Judah Samet was a special guest at the State of the Union

  • Ed Mahon

During the State of the Union address, President Donald Trump honored two guests connected to the October mass shooting at a Pittsburgh synagogue in which 11 people were killed.

And members of Congress sang “Happy Birthday” to Judah Samet, who survived the Holocaust decades ago and survived the Tree of Life shooting in October.

During the address, Trump first talked about Timothy Matson, who joined the Pittsburgh Police Department in 2005. As a member of the SWAT team, he suffered multiple gunshot wounds after responding to the attack.

“SWAT officer Timothy Matson raced into the gunfire and was shot seven times, chasing down the killer,” Trump said. “And he was very successful.”

Trump said Matson recently had his 12th surgery, and “he’s going in for many more.” But Matson still made the trip to Washington, D.C., for the State of the Union.

Trump then talked about Samet.

“He arrived as the synagogue as the massacre began,” Trump said. “But not only did Judah narrowly escape death last fall, more than seven decades ago he narrowly survived the Nazi concentration camps.”

Trump told the crowd that it was Samet’s 81st birthday, and then some in the joint session of Congress sang, “Happy Birthday” to Samet. Trump laughed and pretended to conduct with his fingers.

“They wouldn’t do that for me, Judah,” Trump said.

Trump then described how Samet and his family were saved from a concentration camp decades ago.

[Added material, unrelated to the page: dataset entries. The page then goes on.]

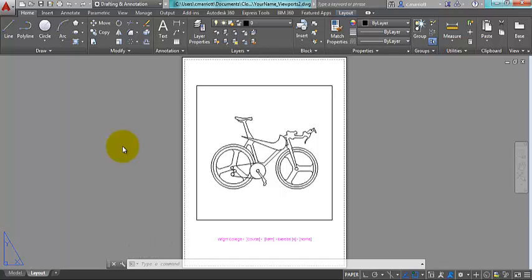In this video I'm going to show you some things that you can do with viewports. I'm currently in a file that has a title block set up and it has a bicycle that's located in model space, and what I'm going to do is blow up certain areas of this bicycle. To do so I'm going to need to create viewports.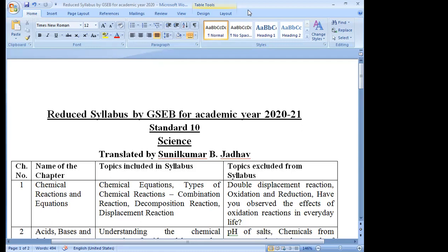This is the reduced syllabus by Gujarat Secondary and Higher Secondary Education Board for academic year 2020-21, Standard 10, Science. If you haven't seen it properly, pause the video and tick mark your textbook. The original circular was in Gujarati, so I tried to translate the topics into English for English medium students. If you have any queries, ask in the comment section. Share with all friends and relatives studying in English medium schools. In the next video, we will see the reduced syllabus for Maths. Thank you so much.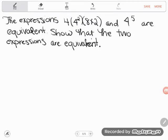Hey GED students. We have a student Adrian from YouTube who was struggling with this kind of tricky equivalent expression problem. So let's take a look. It says the expressions 4 times 4 squared times the quantity of 8 times 2, and 4 to the fifth power, are equivalent. Remember what that word means — equivalent — just a fancy word for equal. So these two things are equal.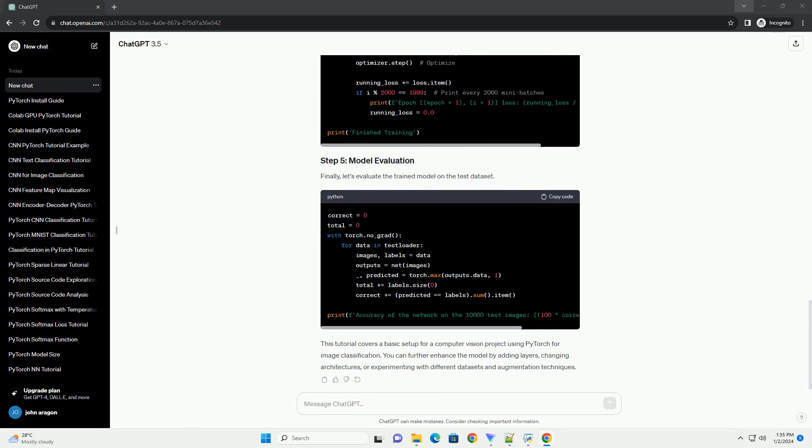This tutorial covers a basic setup for a computer vision project using PyTorch for image classification. You can further enhance the model by adding layers, changing architectures, or experimenting with different datasets and augmentation techniques.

“He and his family were put on a train and told they were going to another camp. Suddenly, the train screeched to a very strong halt. A soldier appeared,” Trump said. “Judah’s family braced for the absolute worse. Then his father cried out with joy, ‘It’s the Americans! It’s the Americans!’ ”

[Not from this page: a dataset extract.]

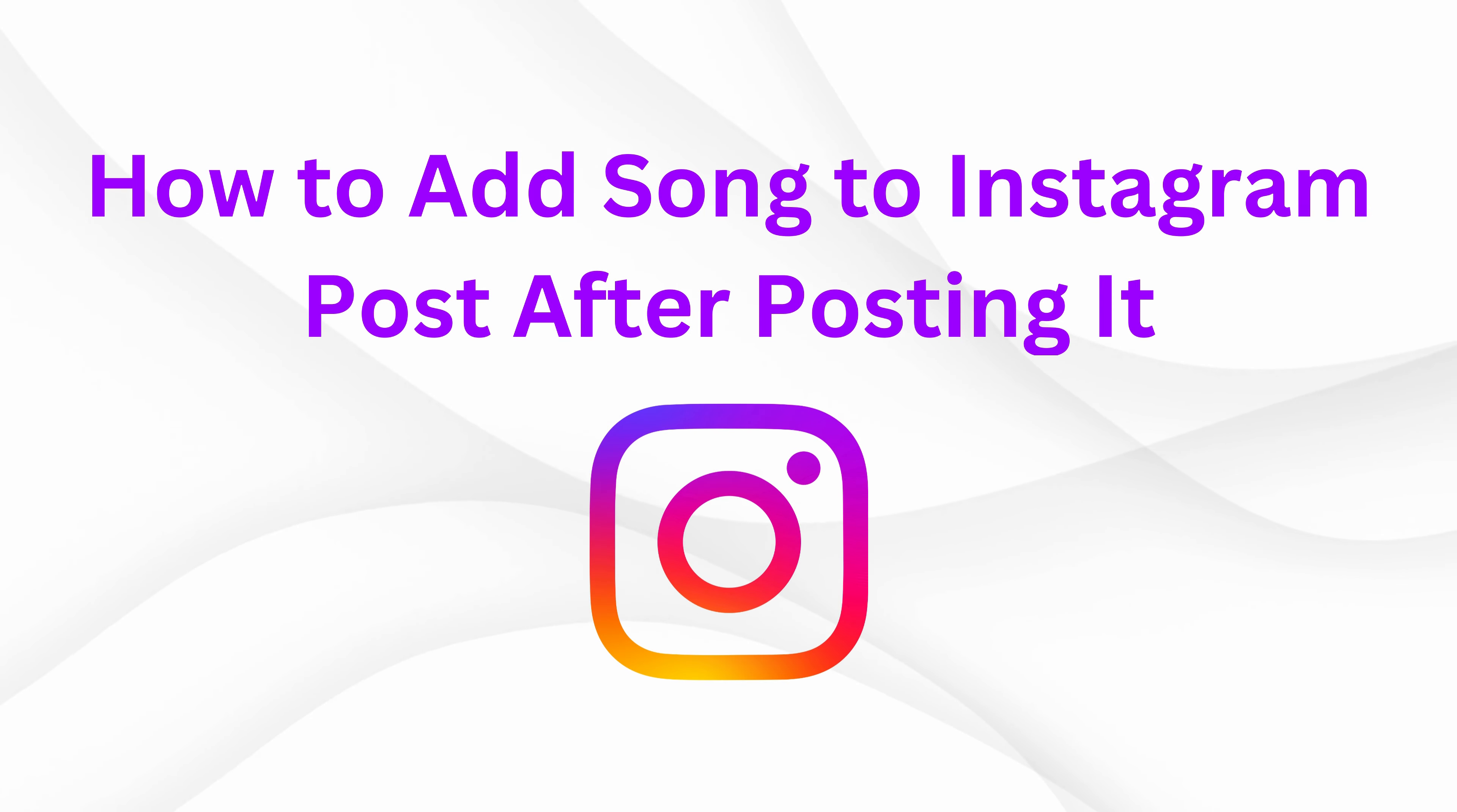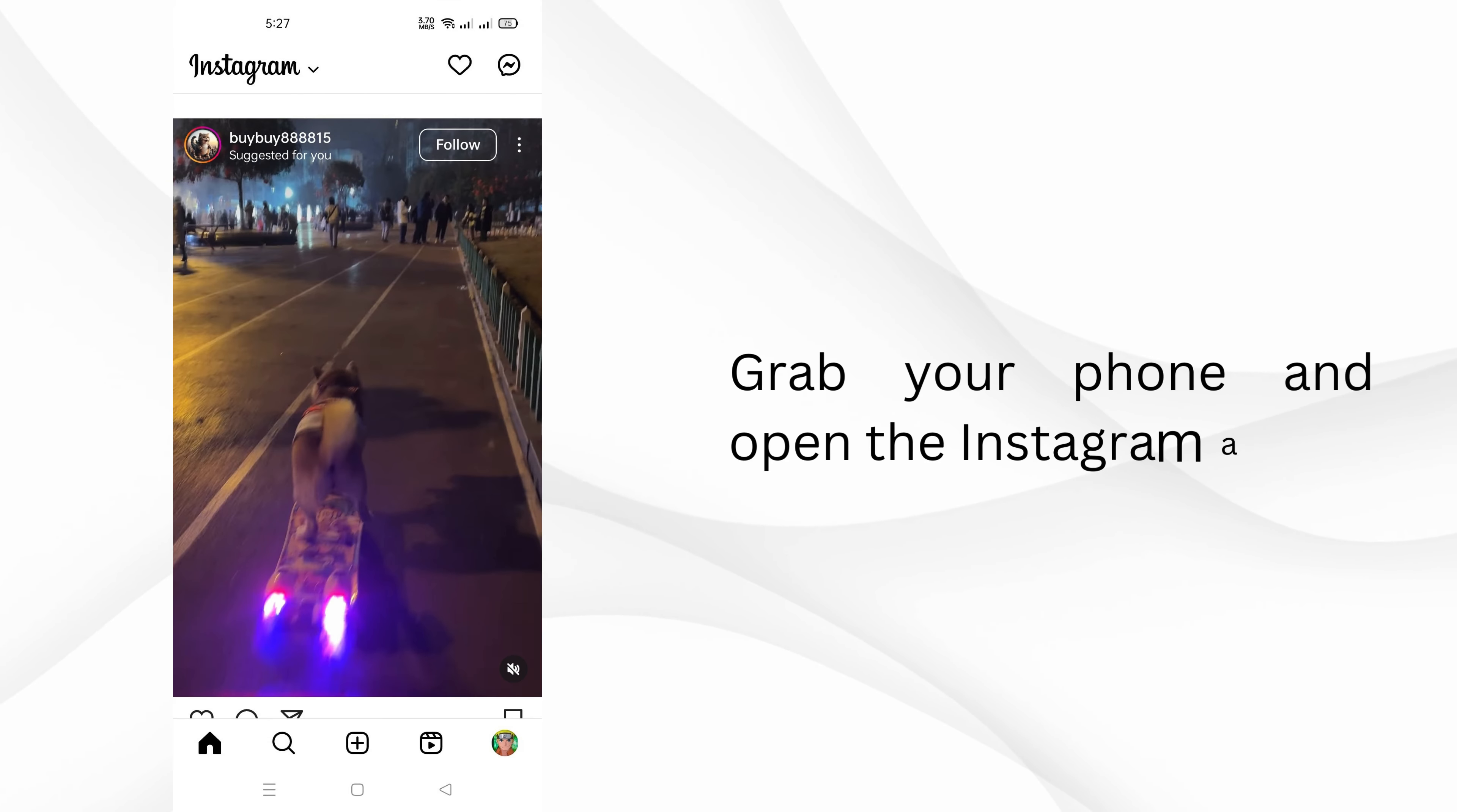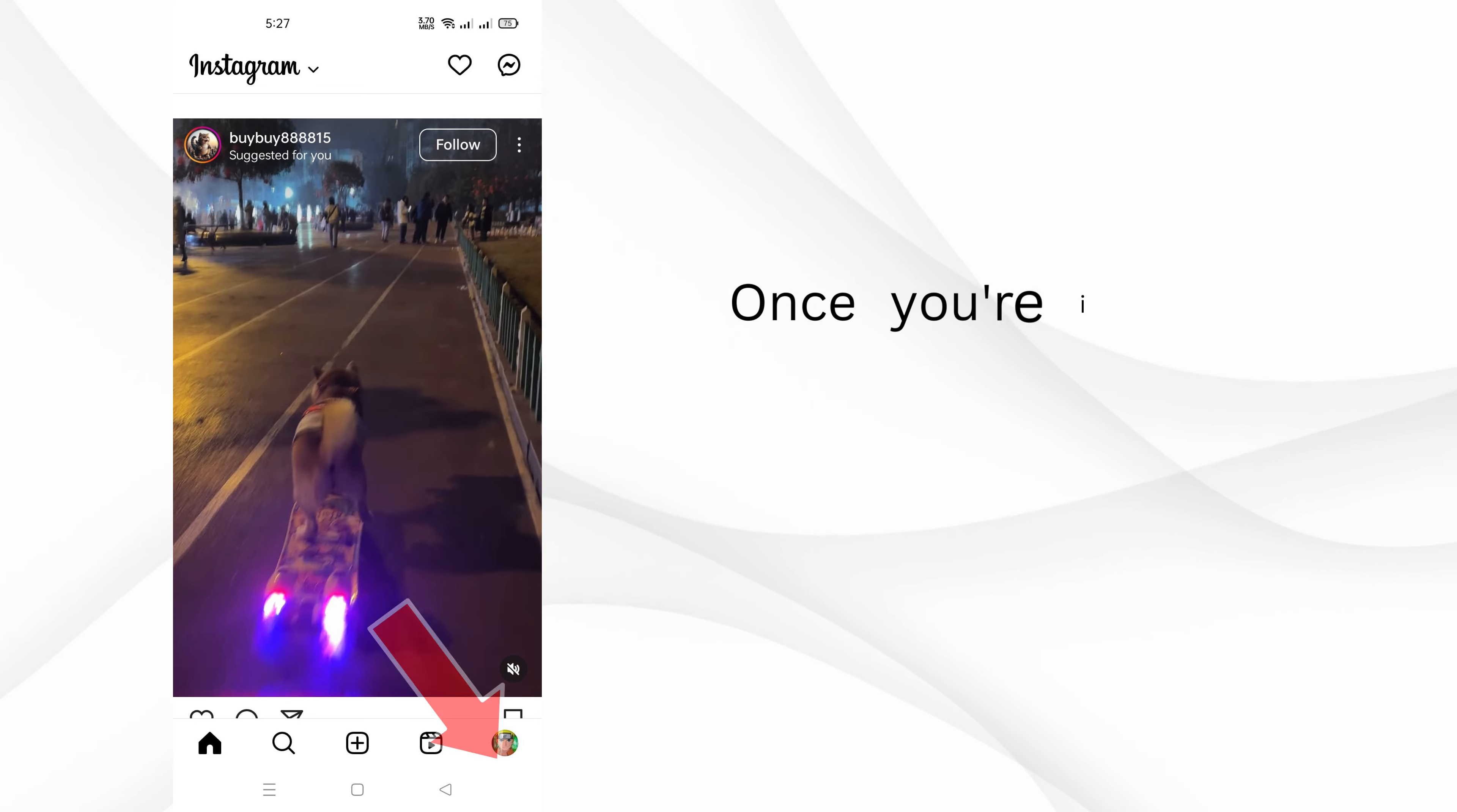How to add song to Instagram post after posting it. First, open the Instagram app on your phone.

Days after the Oct. 27 shooting, Trump visited Pittsburgh, despite objections from Democratic Mayor Bill Peduto and some Jewish leaders. In an open letter, members of the progressive Jewish group Bend the Arc wrote, “President Trump, you are not welcome in Pittsburgh until you fully denounce white nationalism.”

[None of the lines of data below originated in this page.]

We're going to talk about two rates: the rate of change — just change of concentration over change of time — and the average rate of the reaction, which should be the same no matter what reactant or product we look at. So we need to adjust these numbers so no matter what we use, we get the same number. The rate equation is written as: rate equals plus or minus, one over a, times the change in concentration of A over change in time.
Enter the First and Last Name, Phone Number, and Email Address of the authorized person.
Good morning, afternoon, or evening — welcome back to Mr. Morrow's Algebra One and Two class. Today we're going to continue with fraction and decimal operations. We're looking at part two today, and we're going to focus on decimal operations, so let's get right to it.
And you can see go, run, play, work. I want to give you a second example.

Andrew Harnik / The Associated Press

President Donald Trump gestures as a conductor as people in the chamber sing “Happy Birthday” to Judah Samet as he delivers his State of the Union address to a joint session of Congress on Capitol Hill in Washington, Tuesday, Feb. 5, 2019.

Others defended the president. Matt Brooks, executive director of the Republican Jewish Coalition, told CNN that the criticism of Trump was “misplaced,” and Brooks said Trump’s condemnation of anti-Semitism was “very powerful and very strong.”

At Tuesday’s State of the Union address, Trump discussed the Pittsburgh shooting after talking about his decision to withdraw the United States from a nuclear deal with Iran and to impose sanctions on the country.

“We will not avert our eyes from a regime that chants, ‘Death to America,’ and threatens genocide against the Jewish people,” Trump said. “We must never ignore the vile poison of anti-Semitism or those who spread its venomous creed.”